L’auteur faisait surtout état d’une intervention occidentale dont le premier objectif était d’empêcher l’union de l’Afrique. « La pléthore de leaders politiques africains issue de la colonisation du continent par des métropoles différentes et de son morcellement en de multiples entités politiques indépendantes constitue une sérieuse difficulté qui pèse et pèsera encore sur les tentatives de regroupement en Afrique », dénonçait-il en pleine Guerre froide.

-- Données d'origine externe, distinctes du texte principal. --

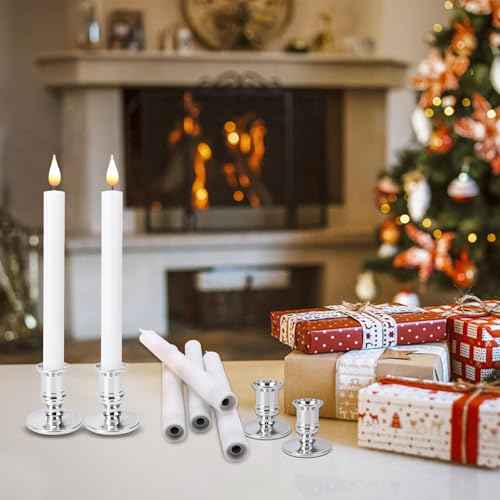LED Flameless Window Candles with Remote Timer Sliver Base 10 PCS Battery Operated Flickering Taper Candle Lights with Removable Candle Holders Best Gift for Xmas Wedding Home Dinner D?cor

L’OTAN, pourvoyeur de déstabilisations et de guerres en Afrique

Aujourd’hui, la situation est-elle bien différente ? « En Afrique, l’OTAN continue d’opérer sous couvert d’assistance humanitaire ou de formation militaire. Mais la violence sur le continent n’a jamais autant augmenté que depuis la saisine de la lutte antiterroriste par les pays de l’OTAN, à travers Africom notamment », estime le réseau panafricain Black Agenda Report.

Selon l’organisation The Black Alliance for Peace (BAP), en 13 ans d’existance, Africom a été derrière neuf coups d’Etat en Afrique. Une étude du journal académique Journal of Peace Research (JPR) en 2017, selon des données de 189 pays entre 1970 et 2009 affirmait que les formations militaires américaines augmentaient les risques de coups d’Etat militaires. La directrice de l’Institute for Policy Studies Netfa Freeman considérait d’ailleurs qu’Africom servait « d’incubateur de coups d’Etat ».

Le politologue Djibo Sobukwe rappelle que « le rôle des Etats-Unis et de l’OTAN dans la destruction de la Libye en 2011 est important à souligner. (…) Il a finalement abouti à la destruction du pays le plus prospère d’Afrique avec l’indice de développement humain le plus élevé ».

La femme d’Etat américaine Cynthia McKinney, dans son livre « The Illegal War on Libya », affirme que « la guerre de l’OTAN menée par les États-Unis contre la Libye restera dans les mémoires comme l’un des plus grands crimes de l’histoire ». Elle affirme que « la guerre de l’OTAN en Libye est un crime à la hauteur du procès de Nuremberg ».